Per la prima volta, una casa editrice cubana ha partecipato alla Fiera Internazionale del Libro di Torino, ospite del Centro Studi Italia Cuba.
In virtù della formula del rinnovato corso della manifestazione che quest'anno prevedeva lo spagnolo come lingua ospite, il Centro Studi ha presentato al grande pubblico una selezione di opere in lingua dal catalogo della Casa Editora Abril, autorevole e rappresentativa editrice dell'Avana con un campo di interesse che spazia dalla letteratura infantile e giovanile ai romanzi e alla saggistica, per arrivare alle riviste culturali e scientifiche impegnate nella costruzione di una cultura popolare sensibile ai valori spirituali e sociopolitici.
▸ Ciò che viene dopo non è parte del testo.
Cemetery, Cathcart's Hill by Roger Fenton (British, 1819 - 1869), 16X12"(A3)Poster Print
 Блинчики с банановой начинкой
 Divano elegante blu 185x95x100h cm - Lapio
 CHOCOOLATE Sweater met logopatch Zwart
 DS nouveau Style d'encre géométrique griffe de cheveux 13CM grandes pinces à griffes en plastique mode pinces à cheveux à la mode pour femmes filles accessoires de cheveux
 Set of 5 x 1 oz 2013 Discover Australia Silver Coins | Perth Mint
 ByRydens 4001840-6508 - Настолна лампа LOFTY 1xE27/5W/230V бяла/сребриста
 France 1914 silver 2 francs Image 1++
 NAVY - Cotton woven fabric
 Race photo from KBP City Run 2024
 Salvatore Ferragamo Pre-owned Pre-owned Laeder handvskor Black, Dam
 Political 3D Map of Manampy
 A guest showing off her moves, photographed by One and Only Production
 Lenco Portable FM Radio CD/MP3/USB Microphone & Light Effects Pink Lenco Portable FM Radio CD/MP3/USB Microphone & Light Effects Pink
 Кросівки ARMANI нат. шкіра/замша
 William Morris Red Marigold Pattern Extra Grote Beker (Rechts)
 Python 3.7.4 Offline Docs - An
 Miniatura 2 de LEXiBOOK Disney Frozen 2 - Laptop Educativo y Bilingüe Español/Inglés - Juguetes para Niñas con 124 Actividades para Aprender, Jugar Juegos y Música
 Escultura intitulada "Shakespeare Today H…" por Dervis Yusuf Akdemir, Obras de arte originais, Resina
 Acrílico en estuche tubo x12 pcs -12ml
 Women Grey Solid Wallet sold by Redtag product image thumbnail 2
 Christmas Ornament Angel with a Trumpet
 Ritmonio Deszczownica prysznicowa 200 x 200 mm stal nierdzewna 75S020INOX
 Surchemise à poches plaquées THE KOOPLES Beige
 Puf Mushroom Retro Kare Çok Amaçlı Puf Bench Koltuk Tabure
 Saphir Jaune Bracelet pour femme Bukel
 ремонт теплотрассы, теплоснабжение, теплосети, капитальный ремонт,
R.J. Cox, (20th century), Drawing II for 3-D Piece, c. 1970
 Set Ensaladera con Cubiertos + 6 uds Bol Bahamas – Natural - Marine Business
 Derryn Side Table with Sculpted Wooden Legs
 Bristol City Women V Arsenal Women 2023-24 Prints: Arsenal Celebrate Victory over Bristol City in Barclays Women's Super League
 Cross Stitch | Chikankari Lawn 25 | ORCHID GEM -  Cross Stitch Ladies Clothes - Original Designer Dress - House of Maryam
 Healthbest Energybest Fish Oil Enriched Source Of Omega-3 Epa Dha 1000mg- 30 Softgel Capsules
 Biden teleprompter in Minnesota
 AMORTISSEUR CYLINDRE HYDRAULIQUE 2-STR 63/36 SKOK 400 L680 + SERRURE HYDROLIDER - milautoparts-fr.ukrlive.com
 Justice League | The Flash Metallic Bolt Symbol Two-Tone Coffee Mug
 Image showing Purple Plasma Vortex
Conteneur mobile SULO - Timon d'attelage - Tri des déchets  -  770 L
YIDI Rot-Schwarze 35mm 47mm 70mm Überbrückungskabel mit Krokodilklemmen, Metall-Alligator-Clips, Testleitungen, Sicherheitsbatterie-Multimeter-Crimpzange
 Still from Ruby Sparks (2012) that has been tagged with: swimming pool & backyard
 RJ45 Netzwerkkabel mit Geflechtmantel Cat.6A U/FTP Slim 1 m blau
A rappresentare Abril e a parlarci della realtà letteraria cubana e non solo, era presente nello stand del Centro Studi Rafael Grillo Hernández, membro della UNEAC e della UPEC, scrittore, giornalista e critico, redattore capo della rivista El Caimán Barbudo.
Una grande occasione per far conoscere a un'ampia platea un significativo esempio della produzione letteraria cubana e, attraverso di essa, mostrare con la massima evidenza l'enorme considerazione che la Rivoluzione ha sempre avuto per la cultura e l'istruzione.
Come disse José Martí: La educación ha de ir adonde va la vida.
Il Centro Studi Italia Cuba è impegnato in un progetto che ha come obiettivo la divulgazione dei principi che ispirano la società, la cultura, l'arte, la scienza e l'economia cubane per facilitare la comprensione e la valorizzazione dell’esperienza rivoluzionaria.
S’ispira alla convinzione che non si possa – e non si dovrebbe – parlare di un Paese e pensare di poter con esso sviluppare forme di scambio (culturale o di qualsiasi tipo) prescindendo dalla conoscenza della Storia, del vissuto, delle abitudini e del patrimonio delle esperienze delle espressioni artistiche di quel Paese, e tanto meno si potrebbe - e dovrebbe - giudicare...
La cultura di Cuba è stata nella Storia un’autentica riserva di valori etici: ha dato volto e concretezza al concetto di nazionalità; ha accompagnato le lotte indipendentiste del XIX secolo, ha contribuito all’analisi del fenomeno neo-colonialista del secolo successivo e ha contribuito a contrastare i suoi effetti più deleteri e devastanti. Ha avviato la costruzione di una società nuova ed è stata fonte di valori autoctoni a fronte delle nefaste influenze straniere, senza però mai venire meno al suo innato desiderio di incontro e confronto con culture e civiltà diverse e lontane, non solo geograficamente. Un incontro può essere autentico - e realmente perseguibile - solo quando si ha piena consapevolezza della propria identità.
Grazie alla collaborazione offerta dalla Libreria Belgravia, il Centro Studi ha poi potuto estendere la sua "vetrina" oltre il tempo e gli spazi della Fiera, permettendo così all'attento pubblico frequentatore della libreria di continuare a sfogliare le pubblicazioni di Abril e di ascoltare l'esperienza di Rafael.